Masson was attending a church convention in Miami on Sunday and was not able to comment. Her boyfriend, Asker Joram, of Fort Myers, said Masson remains upset about the accident and has injuries of her own.
"She's in a lot of pain," he said. "She's crying. I told her it could have happened to anyone. I had just put gas in the car before she left."
With two church members remaining in area hospitals Sunday, Second Haitian Pastor Desamours Leontes said the service showed that they are not alone in their suffering.
"Thank God everyone is OK. The building will be fixed," he said.
The pastor said that if repairs can't be made in time for next Sunday, the church will accept an offer from the Harvey-Englehardt Funeral Home on Colonial Boulevard to use its chapel.
Rachel Schad, funeral director at Harvey-Englehardt, said the offer was made out of respect and need.
"It was just as simple as seeing it and being amazed that no one was killed," she said. "We're supposed to take care of people in their time of need."
Schad said the energy from the Thank God service was remarkable and affirming. "It was hard not to be emotional," she said.
The service, spoken in Creole and Spanish with an English interpreter, drew emotional outbursts, applause, shouts and praise from church members and visitors alike.
Fort Myers Mayor Randall Henderson spoke briefly, citing the need to help those affected by the crash.
"We don't know why this happened," he said. "Our creator put us on this Earth to come to the rescue of those who were injured."
Henderson also lauded the funeral home's offer and the assistance of Suarez.
"As mayor I see examples of this across the city, the area and the nation. When we have these times of crisis I see the same leadership show up," he said., "Every mayor in the world wants to see this kind of love and compassion."
The assistance of the Fort Myers Police Department was also noted, with the Rev. Joseph Gabriel of the Full Gospel Assembly of Fort Myers, and his wife and co-pastor, Natasha, pointing out how officers helped during the Easter tragedy.

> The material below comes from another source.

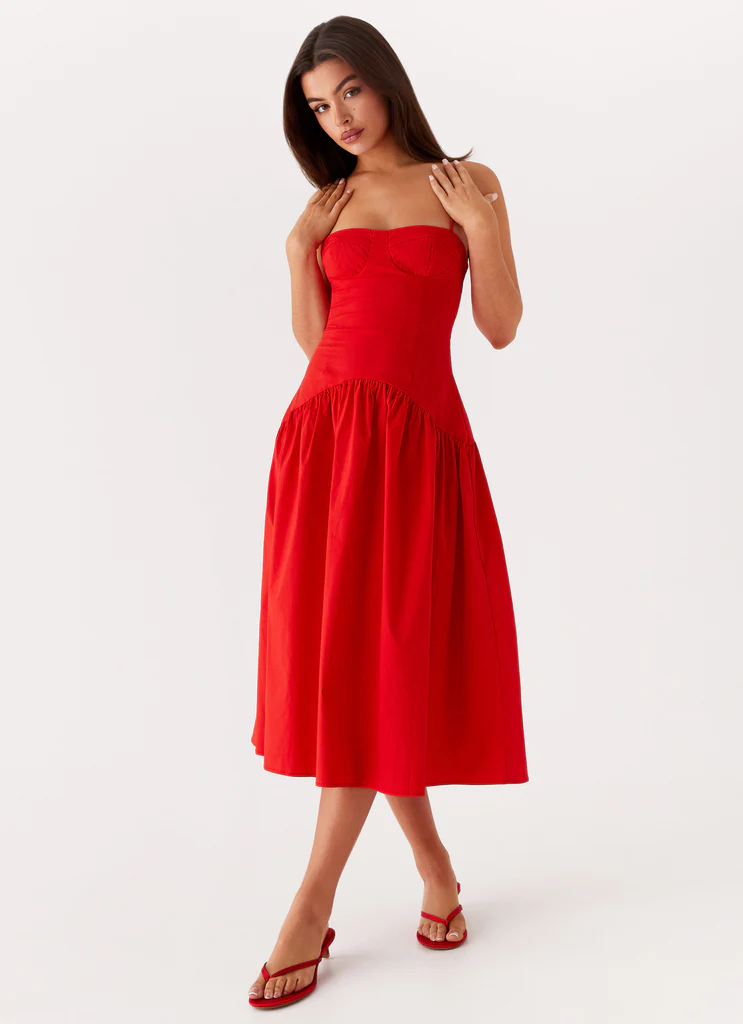 Robe Midi Corset Yvette - Rouge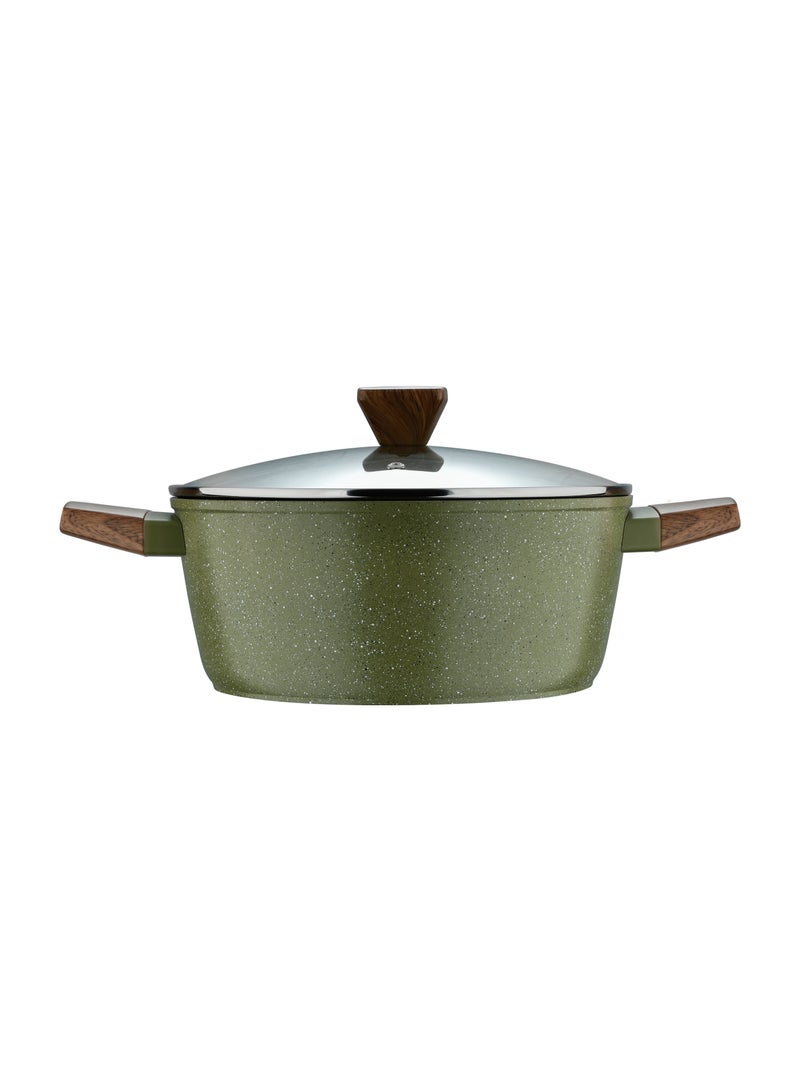 BERGNER ACADIA FORGED ALUMINUM  CASSEROLE W LID 26CM WITH  INDUCTION BOTTOM, GREEN COLOR, BG56243GR  - Image 2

Fort Myers Officer Yvan Planchar, a Haitian native, said the local Haitian community and the department have a lot of back and forth communication. "It's not a taboo to see us among them," he said.
Some of the injured attended Sunday, nursing wounds but glad to see the support.
"This was wonderful. I'm so happy," said Michelot Joseph, 44, who was bowled over by the car as it crashed into the church and suffered cuts, bruises, sore bones and stitches.
"I never expected the crowd and the words," he said. "Nothing could have stopped me coming here. This is my best place."
And, as a reminder for what could have been an even greater tragedy last week, a church member Sunday spray-painted a simple prayer on the plywood that covered the floor-to-ceiling hole caused by the car: "We thank Lord; We give you all the Glory. Keep your eyes always on us!"